Problem details >> Wherever "tutorial" appears in a line of the listing, that line should be returned.
--- Supplied entries ---
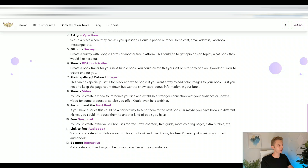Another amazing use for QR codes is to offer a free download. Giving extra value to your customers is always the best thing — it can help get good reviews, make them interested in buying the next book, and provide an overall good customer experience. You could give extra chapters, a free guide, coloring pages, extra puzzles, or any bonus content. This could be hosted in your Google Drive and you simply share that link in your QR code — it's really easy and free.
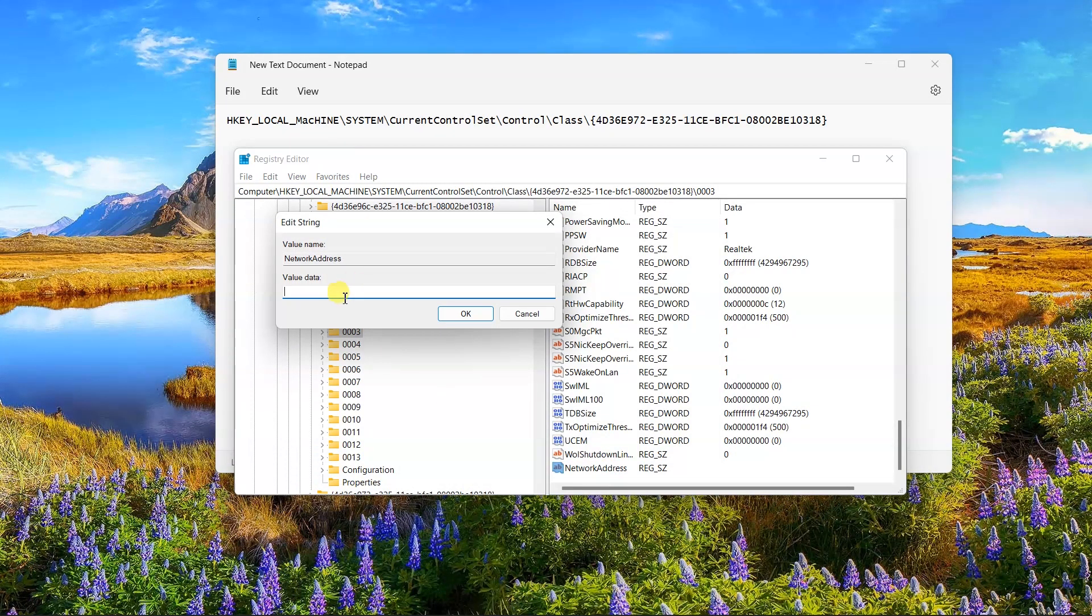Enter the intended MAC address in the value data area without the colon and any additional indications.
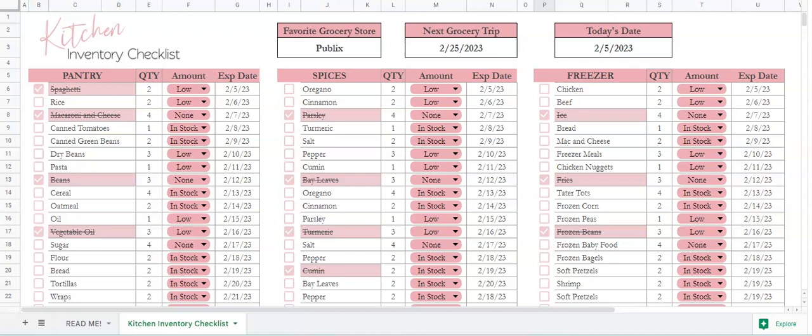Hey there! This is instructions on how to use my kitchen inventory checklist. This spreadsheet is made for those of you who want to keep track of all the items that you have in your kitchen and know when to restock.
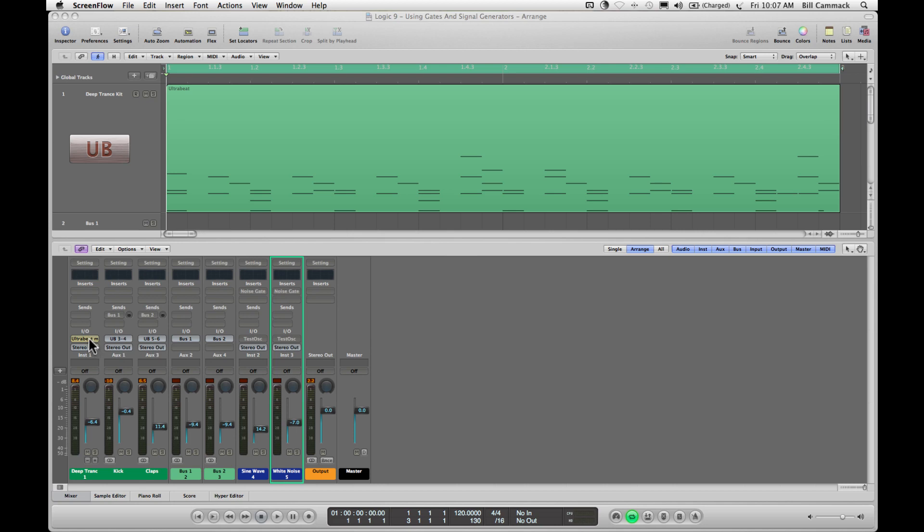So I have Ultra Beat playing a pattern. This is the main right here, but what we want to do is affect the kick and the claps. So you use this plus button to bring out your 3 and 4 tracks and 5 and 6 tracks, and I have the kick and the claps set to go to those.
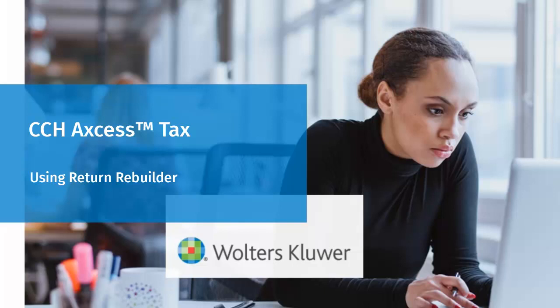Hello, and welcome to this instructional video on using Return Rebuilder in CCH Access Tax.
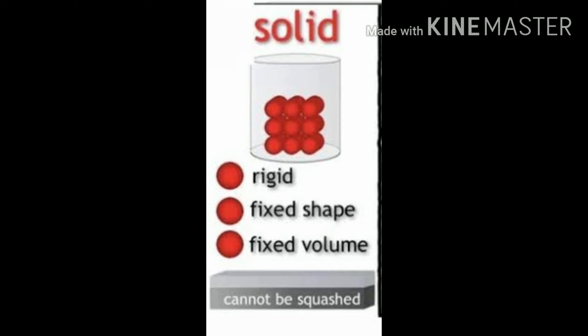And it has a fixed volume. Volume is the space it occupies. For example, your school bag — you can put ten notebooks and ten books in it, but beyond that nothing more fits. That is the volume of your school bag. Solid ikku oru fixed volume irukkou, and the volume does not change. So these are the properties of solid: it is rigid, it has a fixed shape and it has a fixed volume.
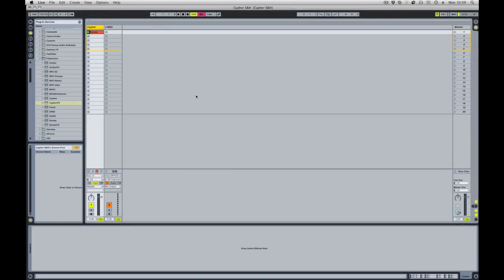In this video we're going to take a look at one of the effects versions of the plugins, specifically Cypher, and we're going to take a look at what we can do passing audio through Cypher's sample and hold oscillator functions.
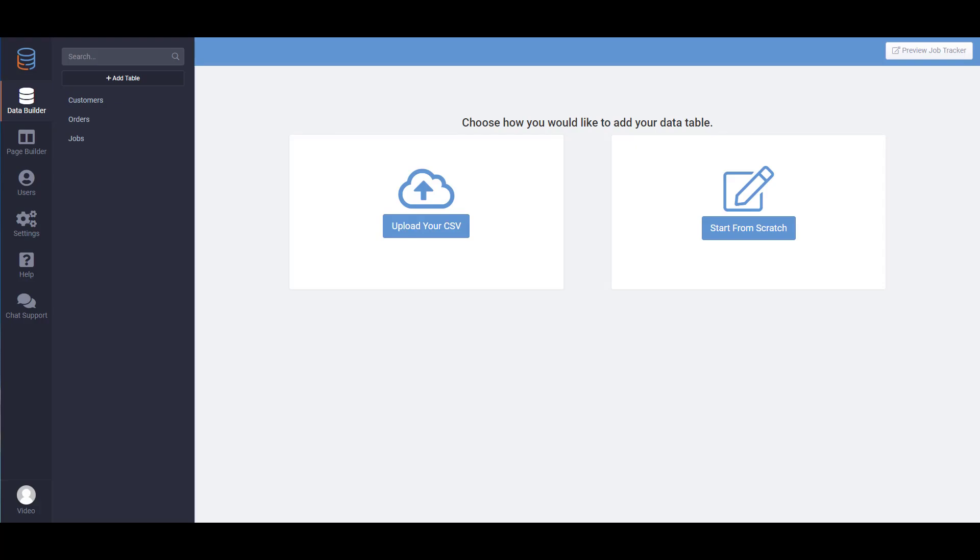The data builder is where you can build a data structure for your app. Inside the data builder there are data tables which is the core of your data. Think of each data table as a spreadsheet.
---
--- Supplied entries ---
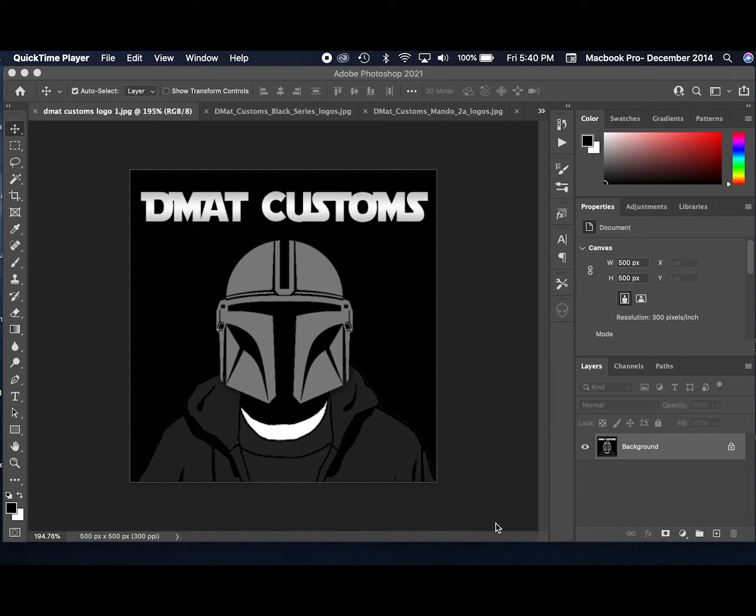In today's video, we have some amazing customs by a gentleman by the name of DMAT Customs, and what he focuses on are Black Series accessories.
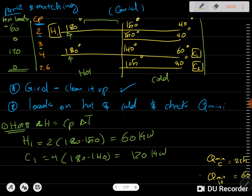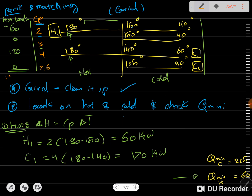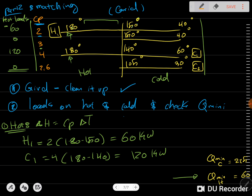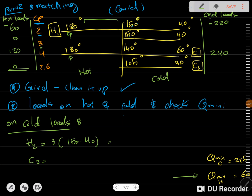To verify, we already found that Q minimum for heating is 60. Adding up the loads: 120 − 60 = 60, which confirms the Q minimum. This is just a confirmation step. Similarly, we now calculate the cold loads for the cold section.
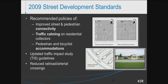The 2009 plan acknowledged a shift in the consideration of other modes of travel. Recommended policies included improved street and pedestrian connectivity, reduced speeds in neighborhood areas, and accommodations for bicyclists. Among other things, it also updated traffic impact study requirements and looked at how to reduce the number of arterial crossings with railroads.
---
--- Supplied entries ---
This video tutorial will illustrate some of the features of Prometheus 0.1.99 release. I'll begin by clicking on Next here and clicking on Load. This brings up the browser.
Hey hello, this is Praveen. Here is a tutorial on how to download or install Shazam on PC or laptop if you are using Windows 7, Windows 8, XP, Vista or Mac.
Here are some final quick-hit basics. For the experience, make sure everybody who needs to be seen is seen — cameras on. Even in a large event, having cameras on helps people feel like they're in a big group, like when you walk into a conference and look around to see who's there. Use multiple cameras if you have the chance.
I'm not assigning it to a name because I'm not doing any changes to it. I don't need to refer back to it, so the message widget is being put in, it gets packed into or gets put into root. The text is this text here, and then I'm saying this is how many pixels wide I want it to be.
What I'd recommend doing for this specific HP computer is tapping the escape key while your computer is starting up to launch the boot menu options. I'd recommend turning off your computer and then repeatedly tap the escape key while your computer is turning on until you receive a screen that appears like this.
---
Task solution >>
This video tutorial will illustrate some of the features of Prometheus 0.1.99 release. I'll begin by clicking on Next here and clicking on Load. This brings up the browser.
Hey hello, this is Praveen. Here is a tutorial on how to download or install Shazam on PC or laptop if you are using Windows 7, Windows 8, XP, Vista or Mac.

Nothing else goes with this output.